The Word Distillery

The Word Distillery

Tuesday, 21 August 2012

Tina at Russkiy Mir: Photos






Tina at Russkiy Mir: Videos




                                         Tina reading Dragons of the Pool



                                         
                                        Tina reads Jam on the Butter Knife & Class Reunion



Alex Metslov interviews Tina



Tina reads Aftermath and Adladd

Monday, 13 August 2012

Tina at Russkiy Mir


Just a reminder that Tina will be reading in London this Friday, 17th August:

"In close association with Russkiy Mir, Gruntlers' Theatre is proud to host an evening with the poetess Ms. Tina Warren. Known for her evocations of female consciousness, not to mention Tina's sense of time and place, this reading will introduce the full range of her exploratory work to our London audience."

Venue: Russkiy Mir Bookshop
             20 Goodge Street, W1T 2PL London

Time:   18:00 until 19:30






Sunday, 5 August 2012

Poetic Appearance






Beware ! Beware !
His flashing eyes, his floating hair !
Weave a circle round him thrice,
And close your eyes with holy dread,
For he on honey-dew hath fed,
And drunk the milk of Paradise.

These, as everyone knows, are the final lines of Kubla Khan and perhaps Coleridge’s dramatic idealised description of what a poet might look like.  I was standing with a colleague in an office window looking out one day onto a side street in Aberystwyth and I spotted one of my fellow poets from the Word Distillery.  “Ah, there’s one of our poets,” says I.  To which my colleague replied, “Really, you wouldn’t know.”  Clearly this particular poet didn’t live up to her idea of what a poet should/ would look like.  Hilaire also tells a similar story pertaining to myself.  When she mentioned me as a poet to a mutual acquaintance – someone I had known for many years but who didn’t know I wrote poetry – the reply was: “But he just looks like an ordinary person!”  

It’s a sad fact to me that we live in an age when presentation has it almost every time over substance.  Talentless people are increasingly becoming famous for being famous, often because they‘ look’ as though they’ve got talent, which usually means they’re easy on the eye, the camera loves them.  It’s quite ludicrous of course to expect that the beauty and vision any human mind is capable of creating and expressing could possibly be reflected in its physical nest.  The mind may have virtual appearance via its expositions but that’s all it can aspire to.  It exists dimensionless and totally unrelated to physical appearance.

Coleridge, besides being a fine poet, was a great orator and literary critique. But on my study wall to the right of my desk I have a large lithograph of him in his mid fifties and there is no way I can see a wonderfully creative incisive mind reflected in the face of an overweight, cherub cheeked, squat little man who is greying faster than his years.  He looks jolly, not deep. And you can bet that the portrait flatters him. As a young man we do see him with long black locks but there is nothing exceptional about his ‘ordinary’ face.  The eyes do not flash – unlikely considering the amount of laudanum he was daily consuming. 
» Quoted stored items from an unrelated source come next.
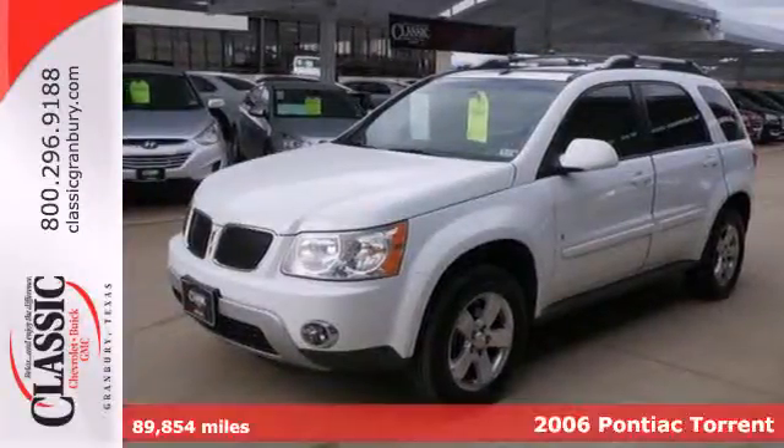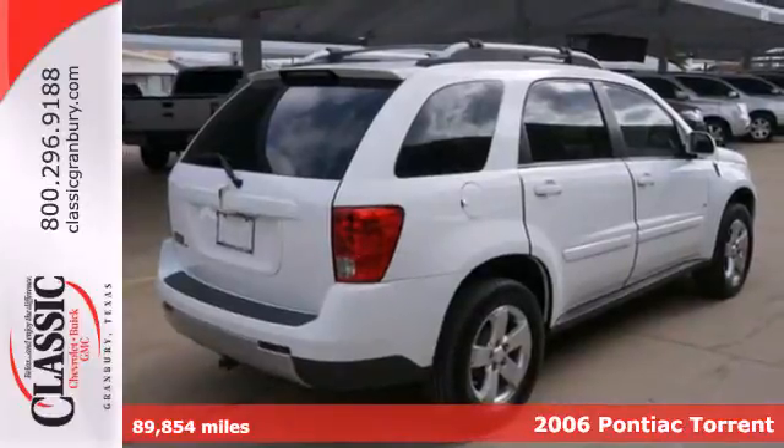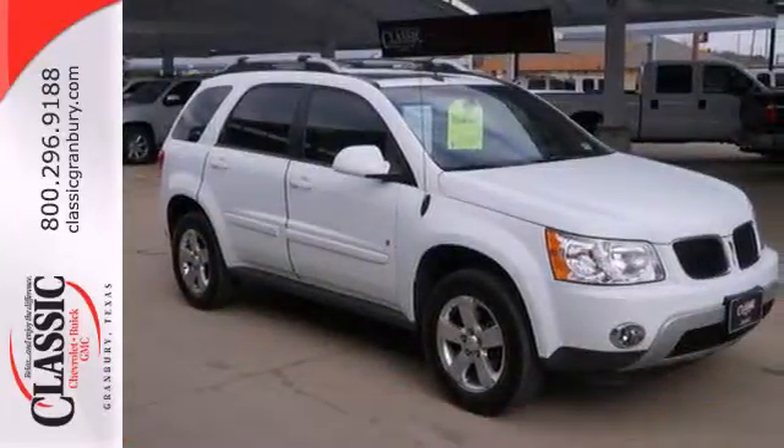It's a 2006 Pontiac Torrent. Standard amenities include a rear spoiler, a split-folding second-row seat, multifunction remote, and an awesome sound system.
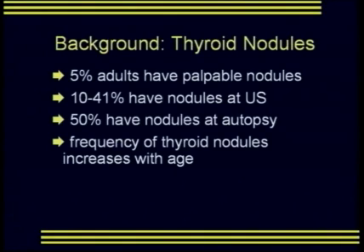As some background, we all know that approximately 5% of adults have palpable thyroid nodules. In addition, somewhere between 10% and 41% of adults will have nodules identified at ultrasound. However, 50% of adults will have nodules identified at autopsy.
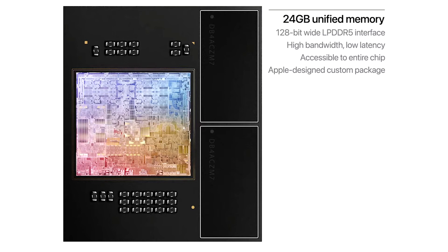Compared with the latest 10-core PC laptop chip, the CPU in M2 provides nearly twice the performance at the same power level. And M2 delivers the peak performance of the PC chip while using just a quarter of the power.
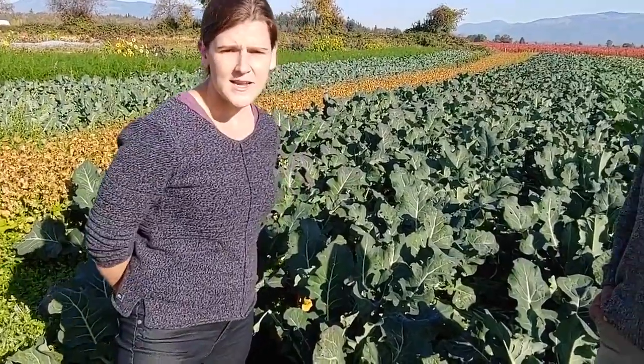Hi everyone! I'm Rachel. I coordinate Harvest of the Month for Cedro, Woolly, and Concrete, and today I'm here with Farmer Gianna of The Crows Farm — she grew our broccoli for today's taste test.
Byron and Shelly of course, with their early nineteenth century film star looks (if you’ll forgive the anachronism of a twentieth century concept), I suppose go some way towards wearing a marketable muse on their sleeves, Rupert Brook comes to mind too.  But they are exceptions and no way the best of poets.  Certainly not in Coleridge’s league.  Your Larkins, Hopkins, Eliots, Plaths, Tennysons, Masefields, Duffys, Drydens . . . are all ‘ordinary’ looking people, less than ordinary in some cases.  Elizabeth Barrett Browning was mousy and plain – from all the pictures I’ve seen of her she doesn’t look as though she’s got an iambic pentameter in her. George Mackay Brown and WH Auden were fine poets but ugly men who wouldn’t look out of place as bookie’s runners or bagmen.  Pope was only four and a half feet tall and Dylan Thomas had a certain cartoon character look about him – did that slapstick face really write – ‘Do not go gentle into that good night’! 

No one would have looked twice at any of them in the street.  There was nothing which might suggest they had any sort of talent, and certainly no indication of those exceptionally rare minds within.  And yet it appears that there is an ideal in the public’s perception of what a poet should look like – there is an ultimate poet.   Dare I suggest - moody, unapproachable, slightly mad, prone to fits of depression or paranoia, bad social manners, rude due to poor people skills, opinionated - probably left wing, unkempt, little sartorial sense, heavy drinker . . .  Blimey,  I’ve just described Will Self.